Paul N. Bloom is Adjunct Professor of Social Entrepreneurship and Marketing in the Center for the Advancement of Social Entrepreneurship of Duke University’s Fuqua School of Business, where he is also serving as the Center’s Faculty Director.  His current research focus is on identifying the drivers of successful scaling of social entrepreneurial organizations.  Prior to coming to Duke in 2006, he had a long career doing research on how the field of marketing can contribute to societal welfare, doing work in consumer protection, antitrust, and social marketing.  Dr. Bloom is the author or co-author of more than 100 published articles, papers, book chapters, and books.  His books include Knowledge Development in Marketing: The MSI Experience (Lexington Books, 1987) and The Handbook of Marketing and Society (Sage Publications, 2001).   He holds a Ph.D. in marketing from the Kellogg School of Northwestern University and earned the MBA degree at the Wharton School of the University of Pennsylvania.  His undergraduate degree is from Lehigh University.  He formerly served as Professor of Marketing at the Kenan-Flagler Business School of the University of North Carolina (1984-2006) and held posts at the University of Maryland and the Marketing Science Institute.

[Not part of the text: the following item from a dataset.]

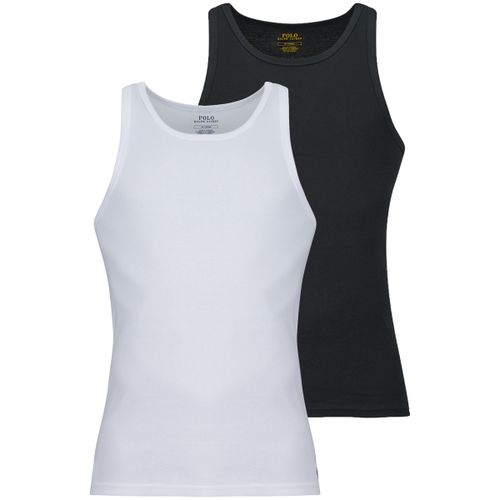 Debardeur CLASSIC TANK-2 PACK-TANK - Polo Ralph Lauren - Modalova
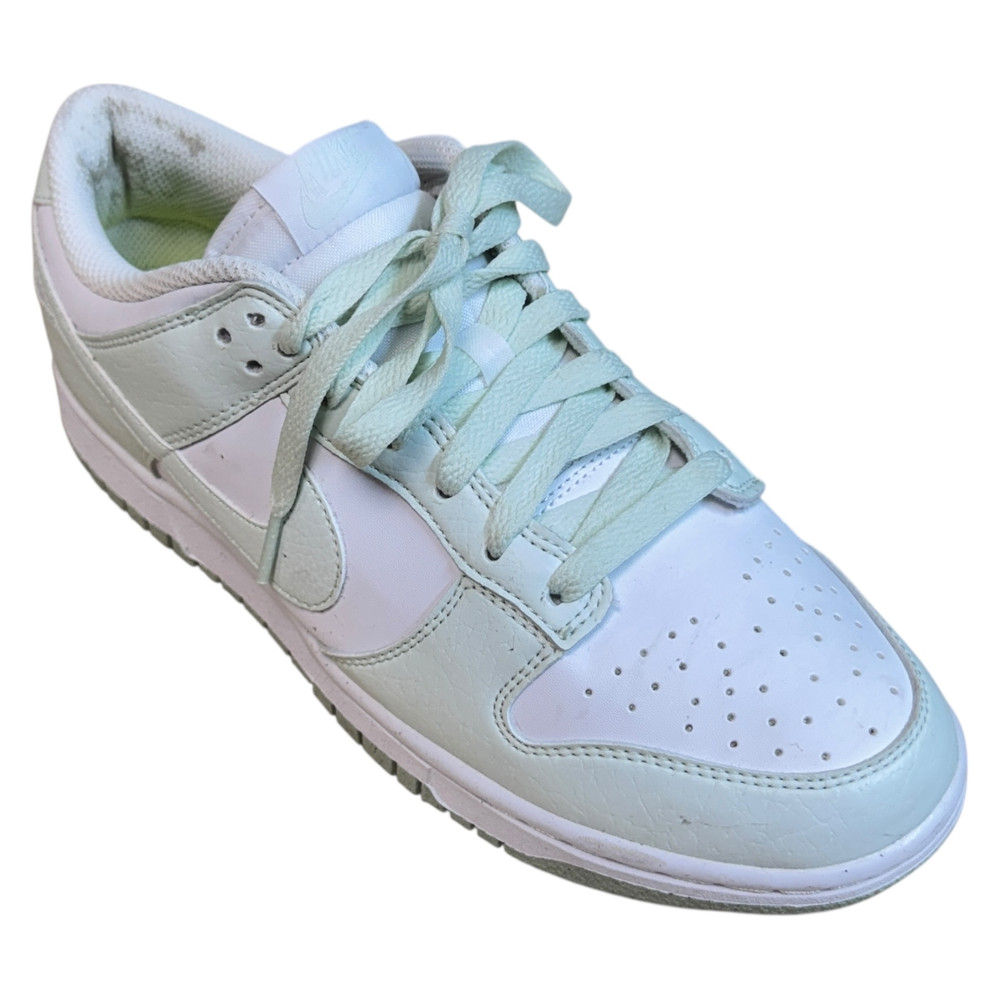 Nike Dunk Low Nature BUTY SPORTOWE damskie 40.5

Edward Skloot is founding Director of the Center for Strategic Philanthropy and Civil Society and Professor of the Practice of Public Policy at Duke University. Before coming to Duke in 2008, he was, for 18 years, President of the Surdna Foundation, one of the largest family philanthropies in the country. Skloot came to Surdna from the nonprofit consulting firm he founded (in 1980), New Ventures, whose mission was to help nonprofit organizations earn income and become self-sustaining. As such, he was part of the first wave of the social entrepreneurship movement. He also taught and wrote much of the early literature in the field. Skloot also has worked in senior executive positions in New York State and New York City government.